This is how a collaborative person works: 2. 'It's her choice.'

(This post draws heavily upon the experiences of Paul Macalindin as described in his book Upbeat, which chronicles his inspiring work with the National Youth Orchestra of Iraq. To read more posts in this series go to the March to August 2017 Blog Archive on your right.)


"'It's her choice.'
What, was it really? How much choice did a 17-year-old Iraqi pianist from Baghdad really have? She was being led straight off a plane from Baghdad onto a media band wagon and given one of the top venues in London to platform her cause, but obliged to play while being filmed with virtually no rehearsal. These sounded like unreasonable demands to me."

From Upbeat: the Story of the National Youth Orchestra of Iraq by Paul Macalindin


Above, Paul is describing the reaction of the director of a reality television show in response to his concerns about the demands being placed on Zuhul Sultan, the young woman who played the central role in founding the NYOI. The director thought that what she was asking Zuhal to do was reasonable; Paul thought that her demands were unreasonable. 

When people with different priorities, agendas and needs work together there can, of course, be tensions. When power dynamics are not equal within a collaboration, these tensions can quickly escalate into conflicts or solidify into barriers that put distance between people.   

Most damaging, however, is when there are different priorities, agendas and needs at play and the differing power dynamics between people are not perceived, especially by those holding the most power.

In the example above, Zuhal, through her musical talent and strength of will, was able to cope well with what was asked (or demanded) of her. As a result, the performances and interviews she gave at the Wigmore Hall, London's premiere chamber music venue, were successful.  

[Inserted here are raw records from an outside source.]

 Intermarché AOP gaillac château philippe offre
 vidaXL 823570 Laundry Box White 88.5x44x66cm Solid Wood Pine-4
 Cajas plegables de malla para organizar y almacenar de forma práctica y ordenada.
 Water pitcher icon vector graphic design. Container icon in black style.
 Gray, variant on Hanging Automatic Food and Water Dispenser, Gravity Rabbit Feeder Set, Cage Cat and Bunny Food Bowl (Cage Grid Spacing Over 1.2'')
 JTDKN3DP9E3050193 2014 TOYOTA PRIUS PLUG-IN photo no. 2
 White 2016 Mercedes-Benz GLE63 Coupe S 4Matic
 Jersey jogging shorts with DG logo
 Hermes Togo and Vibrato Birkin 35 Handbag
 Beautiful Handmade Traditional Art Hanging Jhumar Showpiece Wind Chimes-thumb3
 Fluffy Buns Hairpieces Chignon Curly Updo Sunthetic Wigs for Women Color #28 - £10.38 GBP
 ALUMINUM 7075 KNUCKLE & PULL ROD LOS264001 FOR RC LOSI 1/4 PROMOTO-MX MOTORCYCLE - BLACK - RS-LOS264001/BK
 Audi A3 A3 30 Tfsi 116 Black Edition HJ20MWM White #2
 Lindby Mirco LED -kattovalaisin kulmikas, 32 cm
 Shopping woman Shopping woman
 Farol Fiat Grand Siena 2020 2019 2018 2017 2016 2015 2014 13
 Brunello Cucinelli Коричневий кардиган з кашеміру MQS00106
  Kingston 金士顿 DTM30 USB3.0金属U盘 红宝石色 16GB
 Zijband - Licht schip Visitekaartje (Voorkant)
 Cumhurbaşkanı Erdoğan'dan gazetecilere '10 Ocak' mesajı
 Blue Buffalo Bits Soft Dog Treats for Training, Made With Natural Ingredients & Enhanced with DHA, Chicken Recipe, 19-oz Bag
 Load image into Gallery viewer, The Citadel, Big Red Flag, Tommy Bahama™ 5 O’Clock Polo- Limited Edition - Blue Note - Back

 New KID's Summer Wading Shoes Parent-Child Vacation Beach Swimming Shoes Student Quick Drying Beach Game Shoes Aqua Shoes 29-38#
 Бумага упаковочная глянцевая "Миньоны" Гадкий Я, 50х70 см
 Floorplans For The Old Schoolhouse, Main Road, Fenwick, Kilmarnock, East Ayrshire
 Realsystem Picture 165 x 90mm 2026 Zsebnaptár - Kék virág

But think for a moment: what if those possessing the power associated with a high profile reality TV series made the same requests or demands of Zuhul day after day after day? What if they not only repeatedly ignored Zuhul's differing priorities, agenda and needs but also continually discounted the significance of the differing power dynamics between themselves and Zuhul? What if they consistently made the untested assumption that meeting their 'reasonable requests' was always and unequivocally 'her choice' when, in fact, Zuhal felt she was complying with 'non-negotiable demands' under ever-increasing duress?

Sooner or later something somewhere would likely blow-up and fail spectacularly and all involved, including the most powerful, would suffer the consequences.    

This is a scenario which can easily occur within long-running collaborations between partners possessing differing levels of power. If the more powerful always assume that those with less power always freely choose to meet their 'reasonable requests', and if the less powerful always assume that they must always meet the 'unreasonable demands' of the more powerful, then acrimony and recrimination will inevitably result.

This will then be followed by the less powerful retreating, exiting or even rebelling and the more powerful standing baffled amongst the ruins of a failed collaboration. 

So, keep in mind that one partner's reasonable request could be another partner's unreasonable demand. When you catch yourself justifying the requests you are making of your partners by saying 'It is their choice.', ask yourself how you know this for sure. When a partner tells you 'It is your choice.' to carry out a request do you agree with them? Are they correct? Checking out these assumptions straight away, as soon as they are made, will help you avoid significant collaboration threatening problems down the line.